In the records below, find the line with "Tufted Storage Ottoman – Red" and repeat exactly every line from it through the line with "Casual Lace Up". Pictures stay out.

INPUT MATERIAL section start

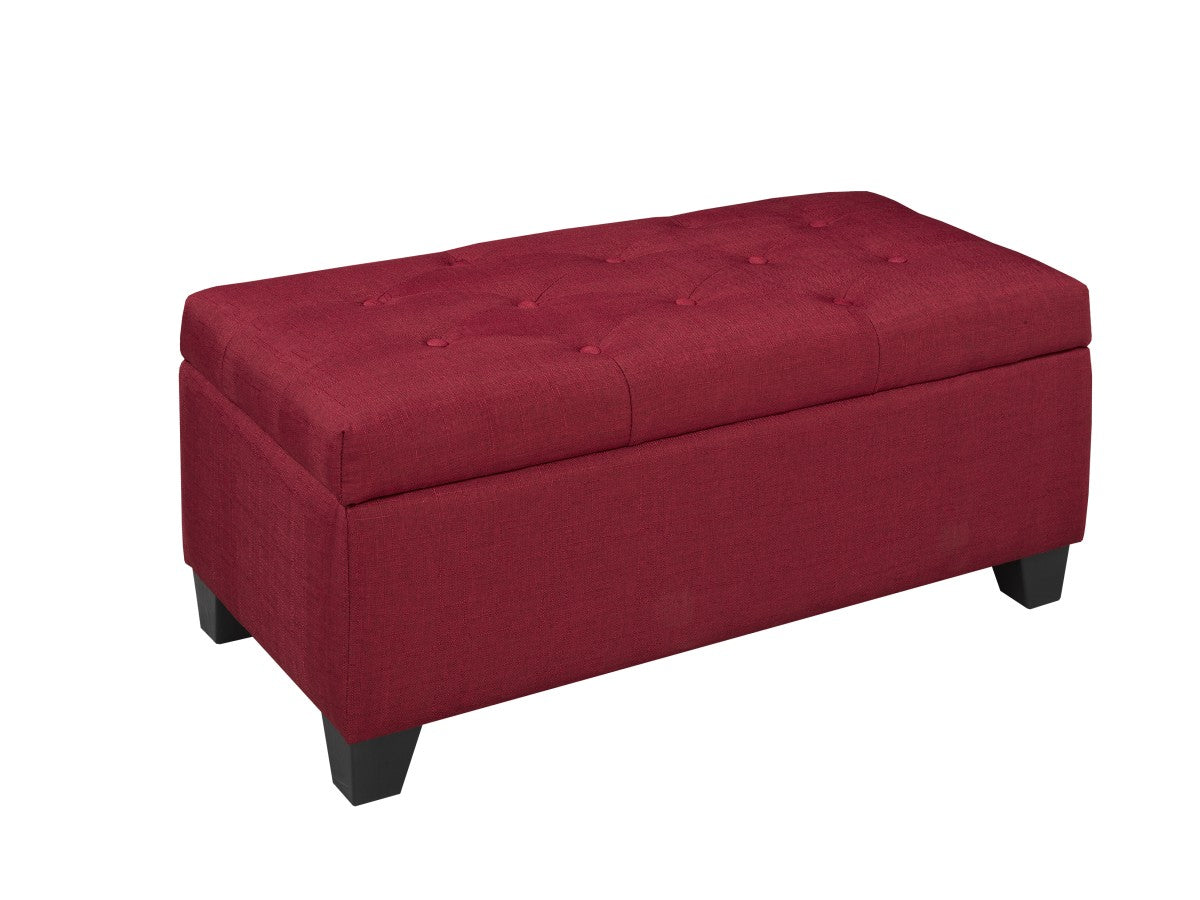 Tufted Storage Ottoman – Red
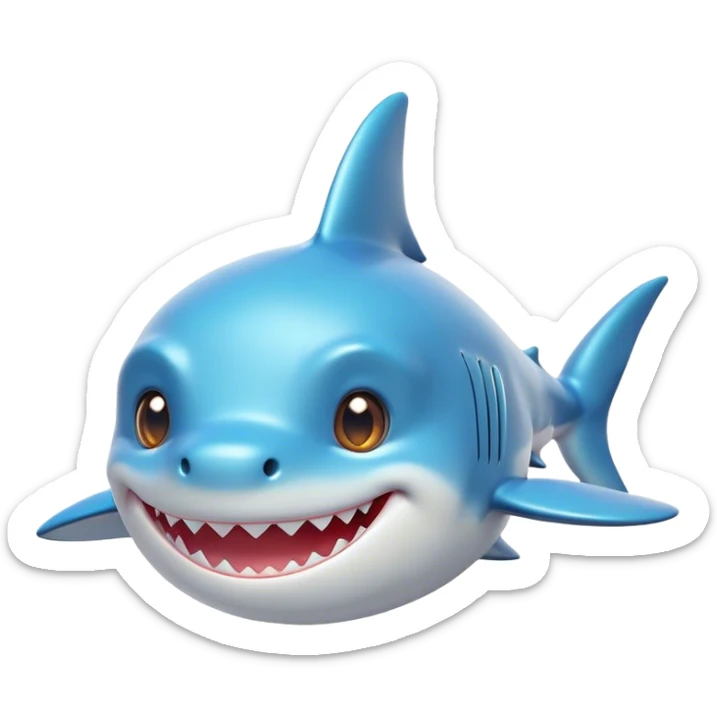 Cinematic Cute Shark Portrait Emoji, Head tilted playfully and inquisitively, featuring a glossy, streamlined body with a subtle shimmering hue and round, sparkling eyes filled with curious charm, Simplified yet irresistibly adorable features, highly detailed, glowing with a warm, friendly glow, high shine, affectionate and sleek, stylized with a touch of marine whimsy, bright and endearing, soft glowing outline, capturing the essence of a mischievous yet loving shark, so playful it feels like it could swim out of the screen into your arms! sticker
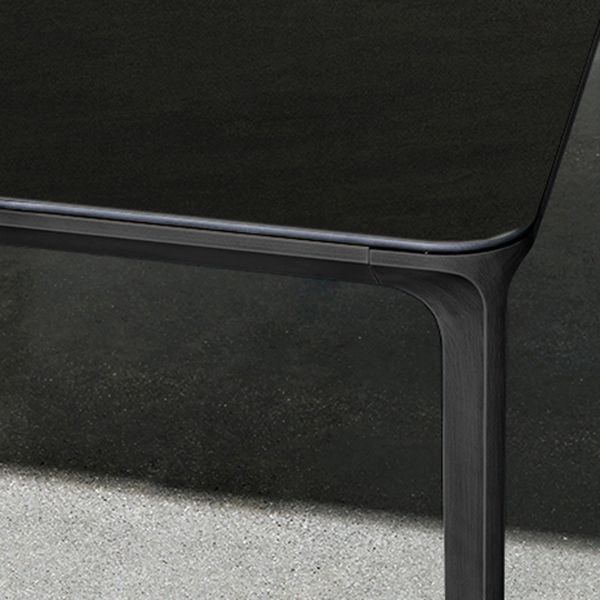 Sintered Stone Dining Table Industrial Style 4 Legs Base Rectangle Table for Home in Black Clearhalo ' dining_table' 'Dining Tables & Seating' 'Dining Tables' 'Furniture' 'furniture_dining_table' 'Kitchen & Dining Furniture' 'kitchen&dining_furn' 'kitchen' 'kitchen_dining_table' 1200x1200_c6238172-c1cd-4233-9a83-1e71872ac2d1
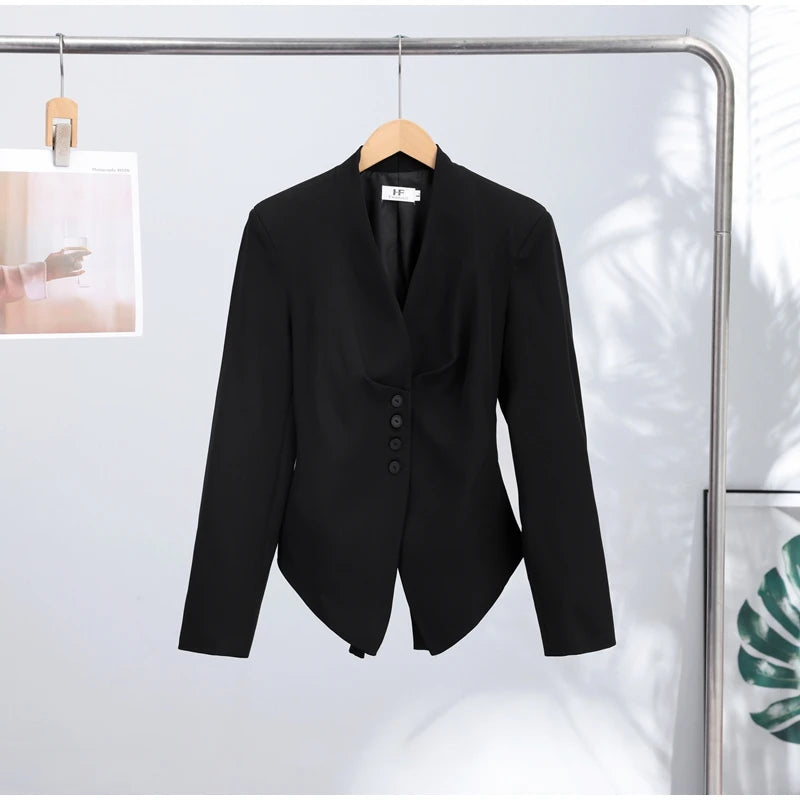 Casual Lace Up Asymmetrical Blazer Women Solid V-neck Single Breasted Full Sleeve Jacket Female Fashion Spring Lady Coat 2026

INPUT MATERIAL section end
INPUT MATERIAL section start

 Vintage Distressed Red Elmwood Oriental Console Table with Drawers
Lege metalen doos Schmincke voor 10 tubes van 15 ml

INPUT MATERIAL section end

THE COMPLETED TASK>
 Tufted Storage Ottoman – Red
 Cinematic Cute Shark Portrait Emoji, Head tilted playfully and inquisitively, featuring a glossy, streamlined body with a subtle shimmering hue and round, sparkling eyes filled with curious charm, Simplified yet irresistibly adorable features, highly detailed, glowing with a warm, friendly glow, high shine, affectionate and sleek, stylized with a touch of marine whimsy, bright and endearing, soft glowing outline, capturing the essence of a mischievous yet loving shark, so playful it feels like it could swim out of the screen into your arms! sticker
 Sintered Stone Dining Table Industrial Style 4 Legs Base Rectangle Table for Home in Black Clearhalo ' dining_table' 'Dining Tables & Seating' 'Dining Tables' 'Furniture' 'furniture_dining_table' 'Kitchen & Dining Furniture' 'kitchen&dining_furn' 'kitchen' 'kitchen_dining_table' 1200x1200_c6238172-c1cd-4233-9a83-1e71872ac2d1
 Casual Lace Up Asymmetrical Blazer Women Solid V-neck Single Breasted Full Sleeve Jacket Female Fashion Spring Lady Coat 2026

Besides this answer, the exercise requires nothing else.